Est-ce qu’elle serait taboue, cette question ?
Peut-être pas, mais elle pousse à déterminer les responsabilités, au-delà de la vie trépidante d’une capitale surpeuplée, aux artères embouteillées dès les premiers rayons du soleil, et qui peut donner une impression de progrès. Comme ces beaux immeubles et villas somptueuses qui cachent les bicoques et autres taudis insalubres des bas-fonds, pour donner une illusion de développement. L’on peut alors entendre tel gouvernement feindre la magnanimité, en annonçant une gratuité ponctuelle de l’électricité, dans un pays où plus de la moitié de la population ne sait même pas ce que c’est que l’électricité.
Cette propension à croire que parce qu’ils vivent bien, eux, leurs peuples ne peuvent qu’être heureux trahit un rapport exclusif et possessif au pouvoir politique, qui a varié, mais peu changé, depuis soixante ans.
Et en quoi consiste ce rapport exclusif et possessif ?

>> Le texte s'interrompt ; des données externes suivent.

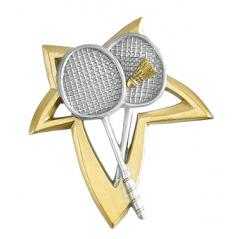 Resina aplique badminton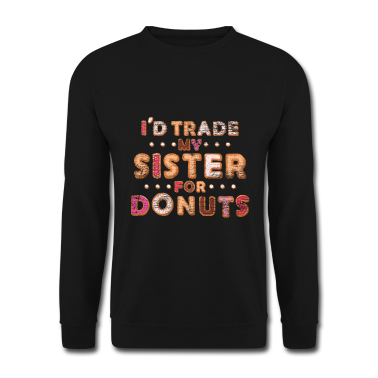 Geschenkidee Schwester Pullover - Schwester Donuts Geschenkidee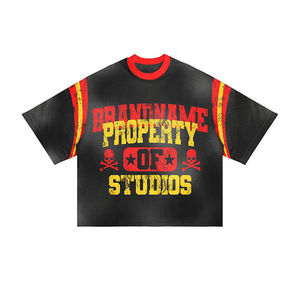 Conjunto Deportivo de Dos Piezas para Hombre 2025, 100% Algodón Transpirable, Estilo Urbano Moderno, Camiseta de Manga Corta Estampada + Verano - Product Image 2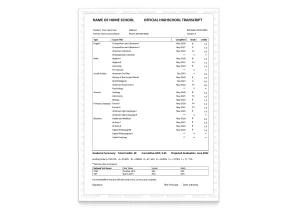replacement high school transcript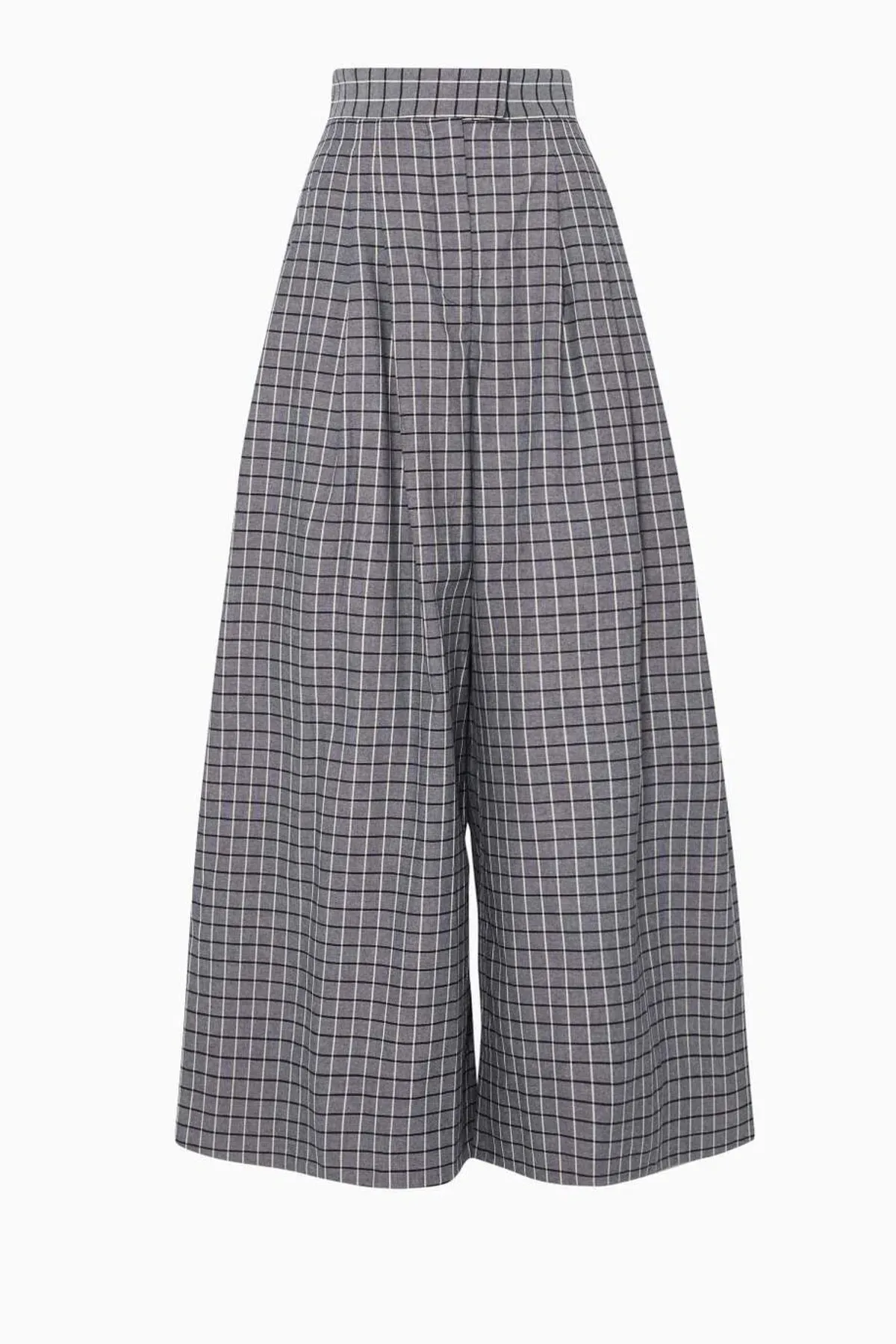 Acler Cunningham Pants Grey Check Print Size AU 6 - Image 5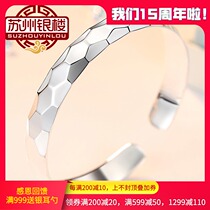 Suzhou silver building 999 bracelet Diamond face glossy fashion bracelet female girlfriend birthday gift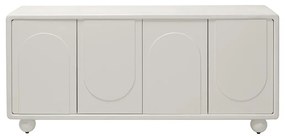 Kare Design Paco Wit Dressoir Organische Vorm - 160x40x75cm.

Dans de nombreux pays du continent, dès 1960, les adversaires politiques ont très vite été jetés en prison, contraints à l’exil ou éliminés. Mais ceux qui étaient avec le pouvoir en tiraient quelques avantages, indépendamment de leurs origines. Au fil du temps, ces privilèges sont passés au groupe ethnique du président, pour aboutir, aujourd’hui, à la privatisation de la mangeoire par la famille présidentielle et un tout petit clan.
Ce rapport au pouvoir explique pourquoi la tentation du coup d’État est demeurée vivace, depuis soixante ans sur ce continent. Sur la trentaine de pays qui ont accédé à la l’indépendance en 1960, cinq à peine ont survécu aux coups d’État de la première décennie.
Quels sont ces 5 élèves modèles ?
Mettez bien ce qu’il faut de guillemets à « élèves modèles ». Car quatre d’entre eux (Cameroun, Côte d’Ivoire, Gabon et Sénégal) jouissaient d’une assurance tous risques : la protection de la France. Le cinquième, la Guinée de Sékou Touré, était plutôt poussé dans ses derniers retranchements, par la France, et n’a dû sa survie qu’à une certaine paranoïa, qui s’expliquait, beaucoup de violence politique, et même une dictature assumée. Pendant ce temps, à Abidjan, Dakar, Libreville et Yaoundé, la France veillait à la quiétude des pouvoirs amis.